かつて彼は、猿岩石というお笑いコンビを結成、1996年、『進め!電波少年』という番組において、香港からロンドンまでのユーラシア大陸ヒッチハイクという過酷な企画にチャレンジした。
ヒッチハイクは大成功し、それによって猿岩石は一躍ブレークを果たしたものの、その過酷さによるつらい記憶ゆえか、有吉はヒッチハイク当時に着用していた衣類や履物を思い出の品として残すこともなく即処分したという。
のちに、ヒッチハイクを含め『電波少年』のヤラセ疑惑が強まったことにより猿岩石ブームは終息し、2007年の『アメトーーク』出演で再び大ブレークを果たした。
そんな彼が「二択どちらかならヒッチハイクを選ぶ」と断言したほどの経験があった。そのもう一方の選択というのが、大御所漫才コンビ、オール阪神巨人のオール巨人の弟子時代である。
オール巨人といえば、弟子に非常に厳しいことで有名だ。弟子に厳しいというのは珍しいことではないが、関西では弟子に厳しく自分に甘いという例が少なくはなかった。だがオール巨人の場合、弟子にも自分にも厳しいということで恐れられていた。
1992年、有吉はテレビ番組の企画によって高校在学中にオール巨人に弟子入りをする。この時、堀之内という人物と同時に弟子入りとなったために、両者は兄弟弟子という間柄となった。堀之内によれば、広島から引っ越してくるのに時間がかかってしまった有吉が弟弟子ということになったという。
オール巨人の弟子時代について、有吉は極度のプレッシャーからか、いつも失敗をしては叱責されていた。靴を左右逆にそろえたり、スーツをかけるハンガーを前後逆にしてしまったりといったことがあり、また、舞台を終えた師匠に渡すためのおしぼりは毎度自分の洗濯物と洗ってしまうため「臭い」と毎度怒られていたという。
さらには、運転免許もないのに「できる」と言ってしまい、ギアのR(リバース)を「Run」と勘違いして金網に激突したこともあったそうだ。「服、どれでも持って帰れ」と師匠から言われた際、一枚も持って帰らずに怒られたこともあったという。
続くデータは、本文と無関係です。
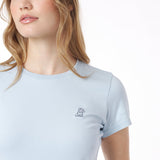 Close-up of a light blue t-shirt with a small logo on a white background
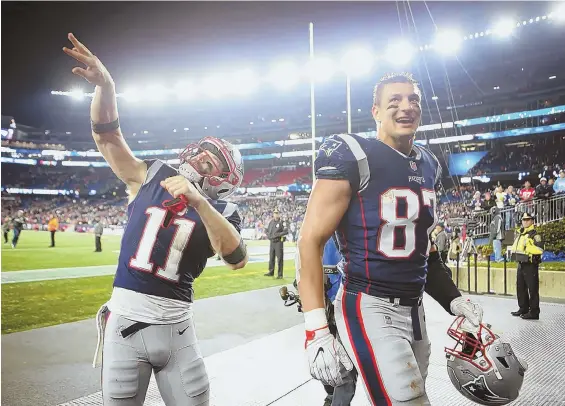  ?? STAFF PHOTO BY NANCY LANE ?? DEEP THOUGHTS: Julian Edelman (left) and Rob Gronkowski walk off the Gillette Stadium field following Sunday’s win against Kansas City. Gronkowski was added to the Patriots injury report yesterday with an ankle issue.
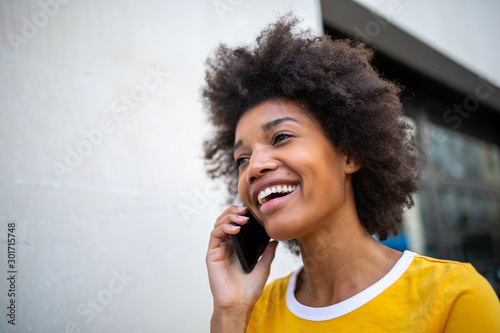 Close up of beautiful smiling african american woman talking on mobile phone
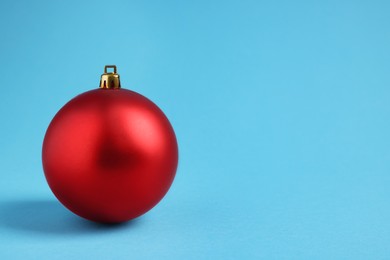 One red Christmas ball on light blue background. Space for text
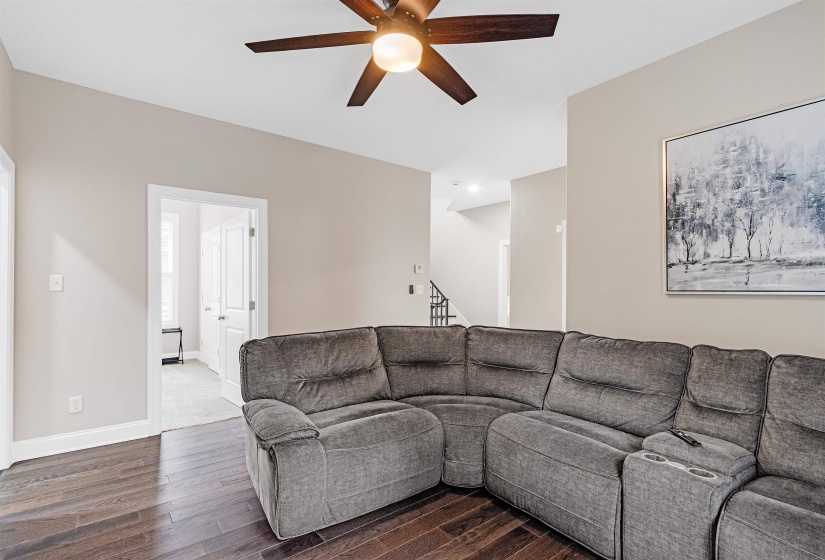 Living room with ceiling fan and dark wood-type flooring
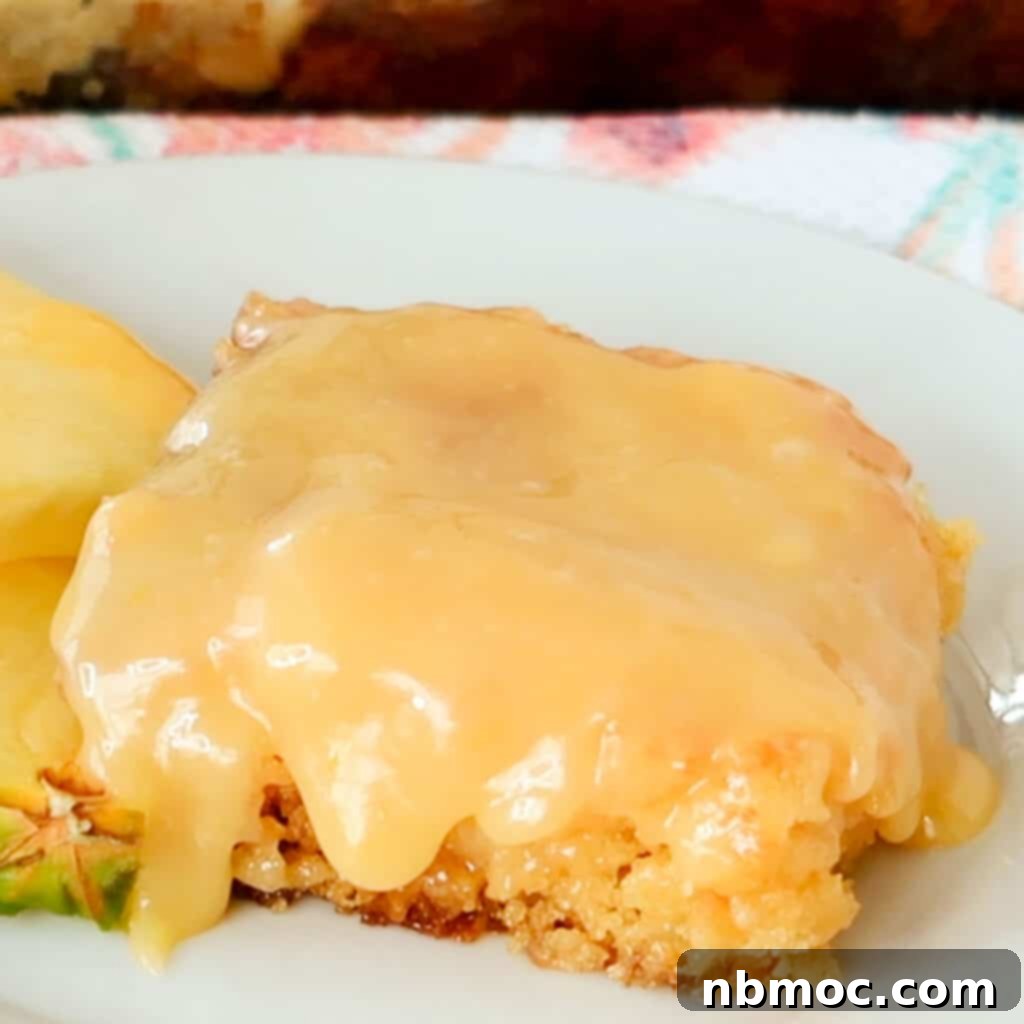 21+ Decadent Caramel Dessert Recipes 6 An old-fashioned pineapple cake presented on a white plate, adorned with a slice of fresh pineapple.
こうしたことが重なり、有吉はオール巨人から「人の心が無い」「師匠のことが好きではない」という指摘をされ、後年には有吉本人も「気が利かない弟子だった」「ただただイライラさせてしまうやつだったと思う」と自身を振り返っている。
そうした中で事件が起こる。
ある時、彼は兄弟弟子と取っ組み合いの喧嘩をしてしまい、相手の前歯を折るなどの怪我を負わせてしまった。有吉によれば、いつも師匠から昼食代として1000円渡されていたのだが、ある料理屋でのレジが混在していたために堀之内が有吉に二人分の清算を頼んだという。後で支払うつもりであったようだが、有吉はこのことが不服だったようで、堀之内を人気のないところに連れ出し喧嘩に発展したという。
この出来事により、彼はオール巨人から「乱暴者はいらない、頭を冷やせ」ということで長期謹慎を言い渡された。だが、有吉は謹慎中という身にも関わらず上京して猿岩石を結成、その後ヒッチハイクで一躍人気コンビとなった。
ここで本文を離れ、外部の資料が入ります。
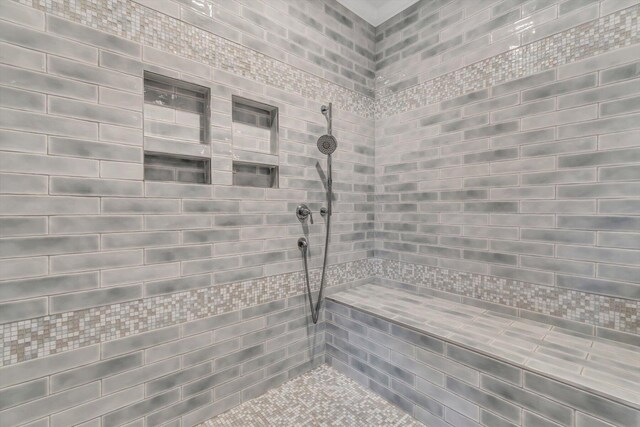 bathroom with tiled shower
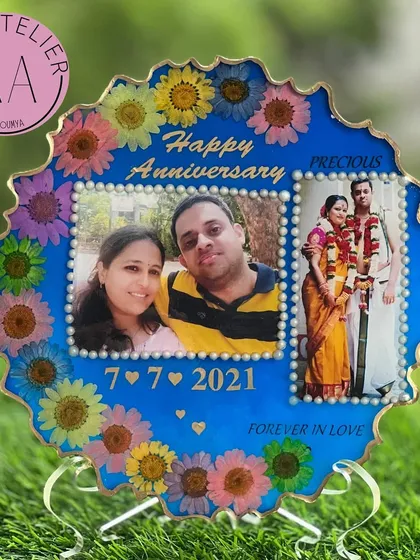 An anniversary frame that tells a story. This piece includes two photos, one from the wedding and a more recent one, to celebrate the journey of love over the years.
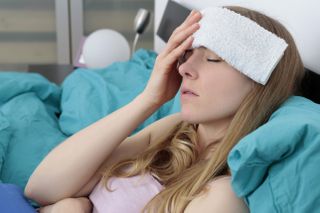 A woman lying down with a flannel on her forehead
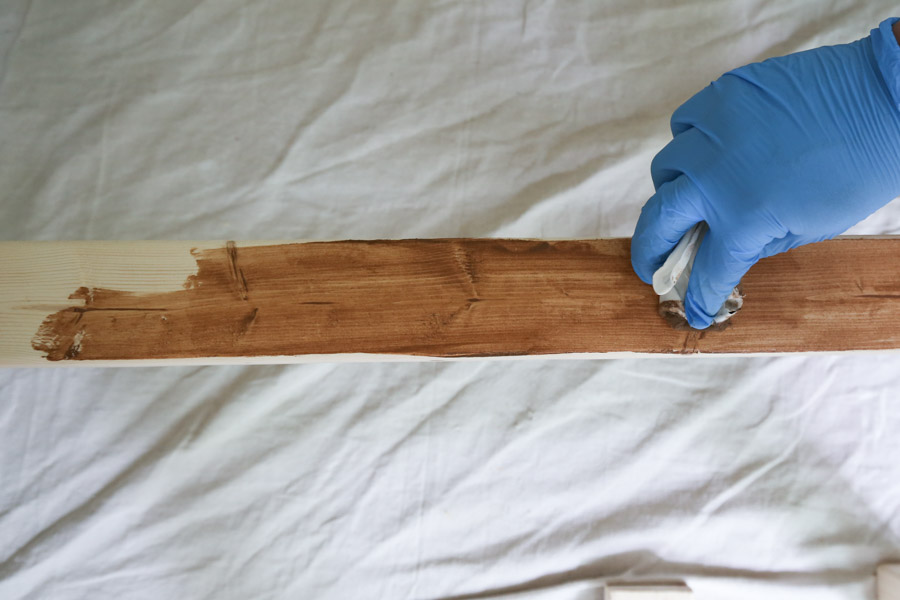 applying stain to wood with a rag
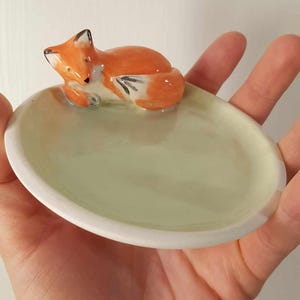 May include: A ceramic trinket dish with a sleeping fox figurine. The dish is oval-shaped with a light green interior and a white rim. The fox is orange and white with black accents.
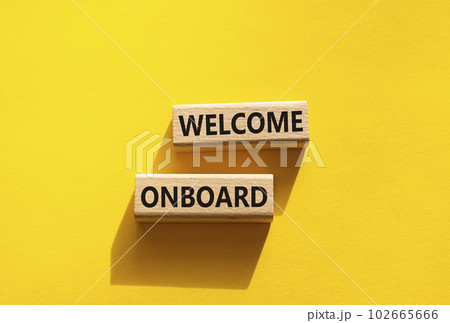 Welcome onboard symbol. Concept words Welcome onboard on wooden blocks. Beautiful yellow background. Business and Welcome onboard concept. Copy space. Welcome onboard symbol. Concept words Welcome onboard on wooden blocks. Beautiful yellow background. Business and Welcome onboard concept. Copy space. 102665666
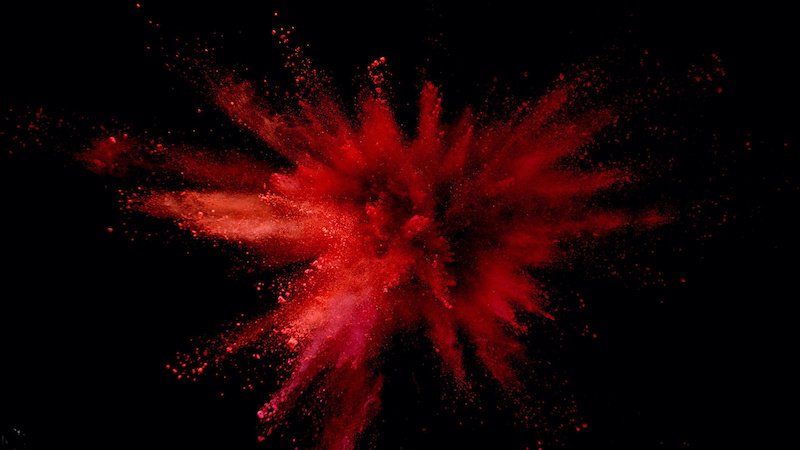 Explosion of coloured powder isolated on black background. Abstract colored background red color theory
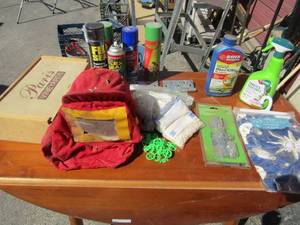 lot 233 image: Assorted tile spacers, many cans of flex seal, fire helmet with face shield and veggie spray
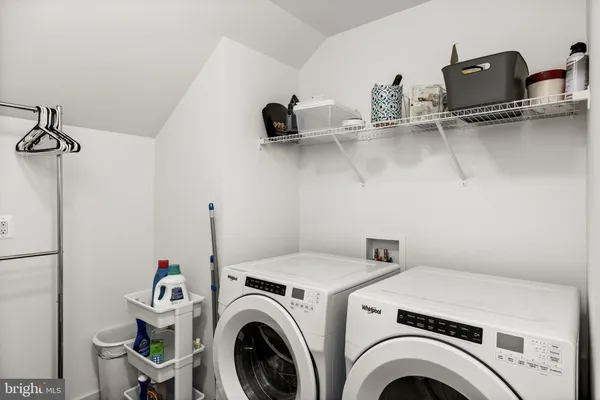 a backyard of a house with barbeque oven table and chairs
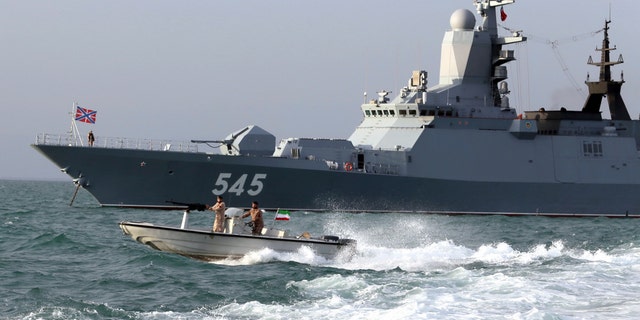 A Russian warship and an Iranian army speed boat attend a joint naval exercise on Tuesday. (AP/Iranian Army)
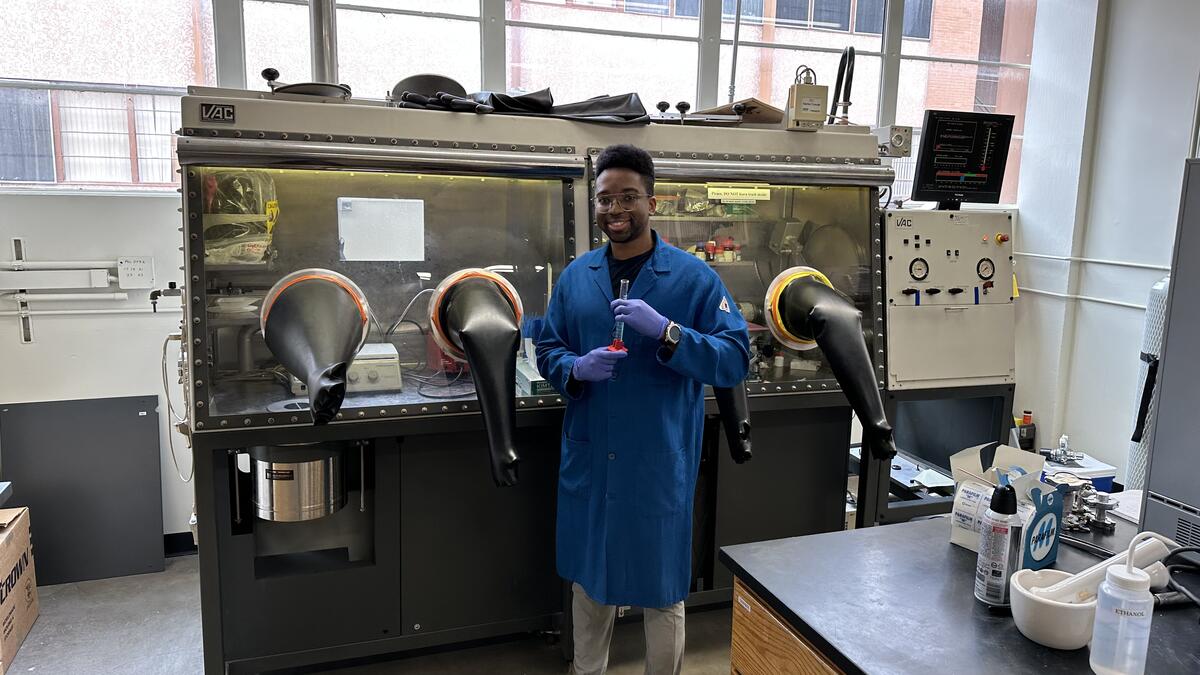 Gerson standing in a lab, posing for the photo.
しかしながら、ブレークを果たしたその裏で彼はオール巨人の元へ「謝罪」に赴くことをかなり恐れていたという。そして後年、オールスター感謝祭のスタジオでついに再開することとなり、本番終了後真っ先にオール巨人の楽屋を訪れて土下座をした彼は、「いろいろとつらかったんやろ、これでようやく破門や」と正式に言い渡された。
結果として、有吉がオール巨人のもとにいたのはわずか8カ月という短期間であった。その規律の厳しさゆえの恐怖感が非常に強かったことは事実であるが、こうしたことが今の彼の活躍のベースとして根付いていることは確かだろう。
【参考記事・文献】
有吉、元師匠・オール巨人に感謝「弟子につかせてもらってよかった」
https://www.oricon.co.jp/news/2031042/full/
前歯2本折られた兄弟子が「有吉弘行は成長したな」発言
https://smart-flash.jp/showbiz/geino/6940/1/1/
有吉弘行 “どん底”から這い上がった「毒舌王」の素顔を紐解く
https://www.news-postseven.com/archives/20211006_1696471.html?DETAIL
(黒蠍けいすけ 山口敏太郎タートルカンパニー ミステリーニュースステーションATLAS編集部)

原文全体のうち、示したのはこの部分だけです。